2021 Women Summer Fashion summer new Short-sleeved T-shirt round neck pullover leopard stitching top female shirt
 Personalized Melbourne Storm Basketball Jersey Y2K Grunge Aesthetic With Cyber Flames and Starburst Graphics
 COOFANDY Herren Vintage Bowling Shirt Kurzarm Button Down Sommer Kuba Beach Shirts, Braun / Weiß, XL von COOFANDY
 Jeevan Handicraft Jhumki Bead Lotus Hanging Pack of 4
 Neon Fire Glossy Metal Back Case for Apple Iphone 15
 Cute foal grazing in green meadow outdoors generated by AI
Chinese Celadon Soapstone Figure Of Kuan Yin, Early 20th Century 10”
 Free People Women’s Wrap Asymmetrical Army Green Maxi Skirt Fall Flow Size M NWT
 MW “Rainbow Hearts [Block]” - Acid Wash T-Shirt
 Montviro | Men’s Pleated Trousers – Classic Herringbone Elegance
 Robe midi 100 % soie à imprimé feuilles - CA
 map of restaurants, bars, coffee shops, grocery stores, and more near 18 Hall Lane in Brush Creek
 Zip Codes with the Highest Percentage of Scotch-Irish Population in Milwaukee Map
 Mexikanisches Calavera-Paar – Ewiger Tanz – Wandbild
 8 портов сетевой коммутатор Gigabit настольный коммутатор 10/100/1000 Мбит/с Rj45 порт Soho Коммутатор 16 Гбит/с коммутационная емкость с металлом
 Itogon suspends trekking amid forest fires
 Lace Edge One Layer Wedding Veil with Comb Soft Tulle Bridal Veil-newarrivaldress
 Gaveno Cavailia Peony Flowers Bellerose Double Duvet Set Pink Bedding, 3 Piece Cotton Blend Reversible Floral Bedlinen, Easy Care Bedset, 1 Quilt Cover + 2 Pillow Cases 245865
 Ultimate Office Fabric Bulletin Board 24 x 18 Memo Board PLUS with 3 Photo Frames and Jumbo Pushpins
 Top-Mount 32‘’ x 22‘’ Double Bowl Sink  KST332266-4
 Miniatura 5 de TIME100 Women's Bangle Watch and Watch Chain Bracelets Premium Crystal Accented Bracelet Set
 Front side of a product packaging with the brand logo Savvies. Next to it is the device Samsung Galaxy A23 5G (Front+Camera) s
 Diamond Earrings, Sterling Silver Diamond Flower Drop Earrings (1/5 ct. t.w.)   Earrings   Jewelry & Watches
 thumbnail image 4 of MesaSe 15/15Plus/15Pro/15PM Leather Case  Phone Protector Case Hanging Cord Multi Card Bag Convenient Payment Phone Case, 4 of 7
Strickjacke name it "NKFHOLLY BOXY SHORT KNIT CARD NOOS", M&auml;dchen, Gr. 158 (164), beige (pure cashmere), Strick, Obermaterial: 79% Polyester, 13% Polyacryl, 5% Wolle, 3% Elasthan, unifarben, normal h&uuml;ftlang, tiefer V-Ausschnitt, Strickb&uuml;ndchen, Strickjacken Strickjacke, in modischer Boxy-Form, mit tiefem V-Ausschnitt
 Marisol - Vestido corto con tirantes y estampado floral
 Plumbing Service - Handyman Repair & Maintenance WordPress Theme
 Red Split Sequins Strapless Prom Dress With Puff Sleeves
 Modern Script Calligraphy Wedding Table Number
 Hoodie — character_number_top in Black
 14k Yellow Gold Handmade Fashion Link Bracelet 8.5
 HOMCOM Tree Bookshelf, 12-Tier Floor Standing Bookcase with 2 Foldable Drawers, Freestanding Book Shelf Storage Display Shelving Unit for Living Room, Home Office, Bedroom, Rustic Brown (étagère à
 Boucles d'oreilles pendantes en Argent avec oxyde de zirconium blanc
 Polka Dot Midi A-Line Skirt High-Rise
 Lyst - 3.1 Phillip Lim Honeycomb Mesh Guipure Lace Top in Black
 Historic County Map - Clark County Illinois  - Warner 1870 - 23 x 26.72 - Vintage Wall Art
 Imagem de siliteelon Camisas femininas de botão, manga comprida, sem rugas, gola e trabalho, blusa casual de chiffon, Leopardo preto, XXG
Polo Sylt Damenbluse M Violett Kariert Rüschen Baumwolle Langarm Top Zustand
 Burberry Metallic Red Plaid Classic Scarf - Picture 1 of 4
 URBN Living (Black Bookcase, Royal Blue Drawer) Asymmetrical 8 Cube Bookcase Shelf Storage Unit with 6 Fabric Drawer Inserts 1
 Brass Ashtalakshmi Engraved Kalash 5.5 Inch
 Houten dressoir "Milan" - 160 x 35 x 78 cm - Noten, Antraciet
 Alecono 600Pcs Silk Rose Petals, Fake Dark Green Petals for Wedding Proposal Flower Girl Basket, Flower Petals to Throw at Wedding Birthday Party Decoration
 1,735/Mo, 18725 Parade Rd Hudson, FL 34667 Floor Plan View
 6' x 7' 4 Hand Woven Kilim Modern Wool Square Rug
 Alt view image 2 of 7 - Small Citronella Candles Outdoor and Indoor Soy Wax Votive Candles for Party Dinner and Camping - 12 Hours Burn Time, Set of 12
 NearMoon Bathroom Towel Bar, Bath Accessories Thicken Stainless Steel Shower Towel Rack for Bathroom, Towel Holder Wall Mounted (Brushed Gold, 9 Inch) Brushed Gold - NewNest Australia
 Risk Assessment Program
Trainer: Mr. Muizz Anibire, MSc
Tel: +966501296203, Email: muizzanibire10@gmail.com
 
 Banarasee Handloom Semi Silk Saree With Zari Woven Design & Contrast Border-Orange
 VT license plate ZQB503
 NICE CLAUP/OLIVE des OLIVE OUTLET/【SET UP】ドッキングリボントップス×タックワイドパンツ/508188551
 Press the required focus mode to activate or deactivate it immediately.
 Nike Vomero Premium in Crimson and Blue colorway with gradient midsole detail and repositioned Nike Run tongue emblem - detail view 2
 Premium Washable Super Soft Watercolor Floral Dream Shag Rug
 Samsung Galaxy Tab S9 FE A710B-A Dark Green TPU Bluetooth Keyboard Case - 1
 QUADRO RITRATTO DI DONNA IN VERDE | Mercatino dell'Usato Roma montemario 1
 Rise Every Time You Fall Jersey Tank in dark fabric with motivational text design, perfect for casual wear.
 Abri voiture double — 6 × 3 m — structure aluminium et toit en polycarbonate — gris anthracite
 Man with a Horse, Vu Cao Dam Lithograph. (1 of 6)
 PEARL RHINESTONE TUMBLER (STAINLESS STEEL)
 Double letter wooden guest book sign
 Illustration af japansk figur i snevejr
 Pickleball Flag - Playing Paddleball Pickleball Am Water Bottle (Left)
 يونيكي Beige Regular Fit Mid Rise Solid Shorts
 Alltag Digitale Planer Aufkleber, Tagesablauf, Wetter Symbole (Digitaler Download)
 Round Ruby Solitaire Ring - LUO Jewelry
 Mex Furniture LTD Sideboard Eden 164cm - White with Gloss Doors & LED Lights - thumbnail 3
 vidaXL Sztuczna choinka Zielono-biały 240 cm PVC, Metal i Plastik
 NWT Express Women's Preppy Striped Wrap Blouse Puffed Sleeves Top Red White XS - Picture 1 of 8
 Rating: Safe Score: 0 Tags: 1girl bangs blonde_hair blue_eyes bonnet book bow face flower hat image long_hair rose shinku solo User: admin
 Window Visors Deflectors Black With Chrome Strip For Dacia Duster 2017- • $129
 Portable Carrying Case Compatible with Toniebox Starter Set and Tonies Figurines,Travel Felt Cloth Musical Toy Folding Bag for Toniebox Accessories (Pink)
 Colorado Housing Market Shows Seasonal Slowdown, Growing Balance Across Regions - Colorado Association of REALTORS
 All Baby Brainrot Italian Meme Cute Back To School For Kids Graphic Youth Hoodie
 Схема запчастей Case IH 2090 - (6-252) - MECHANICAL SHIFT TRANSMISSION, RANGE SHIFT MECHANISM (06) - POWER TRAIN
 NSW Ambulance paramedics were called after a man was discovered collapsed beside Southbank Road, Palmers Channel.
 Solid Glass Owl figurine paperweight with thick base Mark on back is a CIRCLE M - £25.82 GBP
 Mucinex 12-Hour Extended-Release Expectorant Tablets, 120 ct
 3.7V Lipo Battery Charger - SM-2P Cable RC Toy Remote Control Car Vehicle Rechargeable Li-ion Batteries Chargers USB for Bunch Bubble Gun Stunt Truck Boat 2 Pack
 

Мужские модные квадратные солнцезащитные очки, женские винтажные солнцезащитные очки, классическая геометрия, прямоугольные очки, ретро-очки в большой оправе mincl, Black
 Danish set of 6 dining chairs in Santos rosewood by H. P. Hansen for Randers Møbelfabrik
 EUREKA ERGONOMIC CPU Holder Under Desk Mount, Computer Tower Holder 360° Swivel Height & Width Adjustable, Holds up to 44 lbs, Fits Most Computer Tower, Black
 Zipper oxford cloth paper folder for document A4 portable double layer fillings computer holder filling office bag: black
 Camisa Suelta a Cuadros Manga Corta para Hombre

====

• Task to complete
Reproduce word for word the material above, starting with the line that has "Lace Edge One" and stopping after the line that has "thumbnail image 4".

• Output of the exercise
 Lace Edge One Layer Wedding Veil with Comb Soft Tulle Bridal Veil-newarrivaldress
 Gaveno Cavailia Peony Flowers Bellerose Double Duvet Set Pink Bedding, 3 Piece Cotton Blend Reversible Floral Bedlinen, Easy Care Bedset, 1 Quilt Cover + 2 Pillow Cases 245865
 Ultimate Office Fabric Bulletin Board 24 x 18 Memo Board PLUS with 3 Photo Frames and Jumbo Pushpins
 Top-Mount 32‘’ x 22‘’ Double Bowl Sink  KST332266-4
 Miniatura 5 de TIME100 Women's Bangle Watch and Watch Chain Bracelets Premium Crystal Accented Bracelet Set
 Front side of a product packaging with the brand logo Savvies. Next to it is the device Samsung Galaxy A23 5G (Front+Camera) s
 Diamond Earrings, Sterling Silver Diamond Flower Drop Earrings (1/5 ct. t.w.)   Earrings   Jewelry & Watches
 thumbnail image 4 of MesaSe 15/15Plus/15Pro/15PM Leather Case  Phone Protector Case Hanging Cord Multi Card Bag Convenient Payment Phone Case, 4 of 7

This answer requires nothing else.